Primary Autonomic Dysfunction

  • Pure autonomic failure (PAF): characterized primarily by progressive orthostatic hypotension, with alpha-synuclein accumulation
  • Multiple system atrophy (MSA): a combination of parkinsonian features, cerebellar signs, and autonomic failure
  • Parkinson's disease-associated autonomic failure

Secondary Autonomic Dysfunction

  • Diabetic autonomic neuropathy: a serious complication of diabetic neuropathy involving cardiovascular, gastrointestinal, urological, and sudomotor dysfunction [4]
  • Autoimmune autonomic neuropathy: caused by anti-ganglionic acetylcholine receptor antibodies (ganglionic AChR Ab) and others [5]
  • Small fiber neuropathy-associated: cutaneous small fiber damage causing sudomotor and vasomotor dysregulation
  • Chronic stress and burnout-related functional autonomic dysfunction
  • Long COVID-associated autonomic dysfunction

Major Clinical Manifestations

Cardiovascular Symptoms

  • Orthostatic hypotension: systolic blood pressure drop of 20 mmHg or more within 3 minutes of standing [2]
  • Postural orthostatic tachycardia syndrome (POTS): heart rate increase of 30 bpm or more upon standing
  • Vasovagal syncope: reflex syncope triggered by prolonged standing, pain, or emotional stimuli
  • Resting tachycardia or bradycardia, exercise intolerance

Gastrointestinal Symptoms

  • Gastroparesis: delayed gastric emptying, early satiety, nausea
  • Intestinal dysmotility: constipation, diarrhea, abdominal pain
  • Dysphagia

Sudomotor Abnormalities

  • Anhidrosis: reduced or absent sweating
  • Hyperhidrosis: focal or generalized excessive sweating
  • Compensatory hyperhidrosis: excessive proximal sweating when distal sweating is reduced

Other Symptoms

  • Bladder dysfunction: urinary hesitancy, nocturia, urge incontinence
  • Pupillary abnormalities: delayed dilation, abnormal light reflex
  • Chronic fatigue, cognitive impairment

Diagnosis

Heart Rate Variability (HRV) Analysis

HRV is the most widely used noninvasive marker of autonomic function [3]. Time-domain (RMSSD, SDNN) and frequency-domain (LF, HF power) analyses are used to assess sympathetic-parasympathetic balance.

Tilt Table Test

This evaluates cardiovascular responses to passive orthostasis to diagnose orthostatic hypotension, POTS, and neurocardiogenic syncope.

Valsalva Maneuver Test

Heart rate and blood pressure response patterns during forced expiration (Valsalva) are used to quantitatively assess sympathetic and parasympathetic reflex function.

Sudomotor Function Testing

The quantitative sudomotor axon reflex test (QSART) and thermoregulatory sweat test evaluate the function of sudomotor neurons.

Laboratory and Additional Tests

Fasting glucose, HbA1c (diabetes screening), anti-ganglionic AChR antibodies, nerve conduction studies, and skin punch biopsy for small fiber assessment are used for etiological evaluation.

Treatment

Cause-Specific Treatment

For diabetic autonomic neuropathy, strict glycemic control is the most important measure to slow disease progression [4]. Autoimmune autonomic neuropathy may respond to immunotherapy including corticosteroids, intravenous immunoglobulin (IVIG), and plasmapheresis [5].

Symptom-Based Management

  • Orthostatic hypotension: increased fluid and salt intake, compression stockings, fludrocortisone, midodrine
  • POTS: hydration, lower extremity strengthening exercises, beta-blockers, ivabradine
  • Gastroparesis: small frequent meals, prokinetic agents (metoclopramide)
  • Neurocardiogenic syncope: lifestyle modifications, beta-blockers

Autonomic Modulation Therapy

Stellate ganglion block suppresses sympathetic hyperactivation and helps restore autonomic balance.
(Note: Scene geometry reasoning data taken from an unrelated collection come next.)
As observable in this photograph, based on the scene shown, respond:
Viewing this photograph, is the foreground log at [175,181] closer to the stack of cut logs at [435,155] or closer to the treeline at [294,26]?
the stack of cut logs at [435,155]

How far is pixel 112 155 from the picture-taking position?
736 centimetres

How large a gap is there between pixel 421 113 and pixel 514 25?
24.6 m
Transcranial magnetic stimulation (TMS), transcranial direct current stimulation (tDCS), and HRV biofeedback training are used as adjunctive therapies for functional autonomic dysfunction.

Frequently Asked Questions

Symptoms are diverse, which often delays diagnosis. Common symptoms include dizziness or fainting upon standing, palpitations or slow heart rate, digestive issues (bloating, alternating constipation and diarrhea), excessive or reduced sweating, fatigue, headache, sleep disturbances, and numbness or tingling in the hands and feet. A hallmark of autonomic dysfunction is that symptoms span multiple organ systems.
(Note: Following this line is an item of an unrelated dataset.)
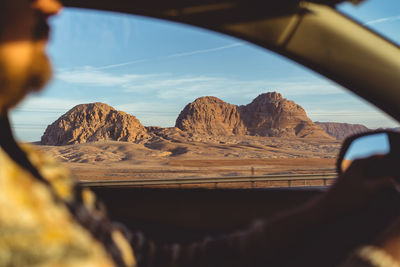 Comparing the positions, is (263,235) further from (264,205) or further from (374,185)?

It is evaluated through autonomic function tests including heart rate variability (HRV) analysis, tilt table test, Valsalva maneuver test, and sudomotor function testing (QSART). Blood tests (glucose, autoantibodies), nerve conduction studies, and small fiber nerve biopsy may also be needed to determine the underlying cause.

There are many causes, including diabetic autonomic neuropathy, neurodegenerative diseases such as Parkinson's disease and multiple system atrophy, autoimmune autonomic neuropathy, small fiber neuropathy, chronic stress, Long COVID, and hereditary autonomic disorders. Identifying and treating the underlying cause is essential.
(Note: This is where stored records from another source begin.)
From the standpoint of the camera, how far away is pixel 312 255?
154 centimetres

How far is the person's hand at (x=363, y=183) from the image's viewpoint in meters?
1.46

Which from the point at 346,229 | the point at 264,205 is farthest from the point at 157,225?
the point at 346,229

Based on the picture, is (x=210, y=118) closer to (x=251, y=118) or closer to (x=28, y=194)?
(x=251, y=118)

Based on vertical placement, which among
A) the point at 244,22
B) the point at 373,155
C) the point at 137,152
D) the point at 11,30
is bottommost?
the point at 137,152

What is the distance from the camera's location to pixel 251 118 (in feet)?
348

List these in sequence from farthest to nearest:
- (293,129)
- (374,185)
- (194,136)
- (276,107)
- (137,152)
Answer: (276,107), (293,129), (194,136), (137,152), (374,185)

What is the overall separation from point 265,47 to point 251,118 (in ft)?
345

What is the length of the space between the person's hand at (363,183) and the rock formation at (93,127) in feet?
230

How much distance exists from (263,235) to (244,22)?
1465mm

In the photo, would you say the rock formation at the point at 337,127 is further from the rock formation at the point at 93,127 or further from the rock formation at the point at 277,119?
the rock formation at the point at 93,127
It depends on the cause. For diabetic autonomic neuropathy, glycemic control is key. Orthostatic hypotension can be managed with increased fluid and salt intake, compression stockings, and medications. Autoimmune causes may respond to immunotherapy. Autonomic modulation therapies such as stellate ganglion block and TMS can help restore autonomic balance.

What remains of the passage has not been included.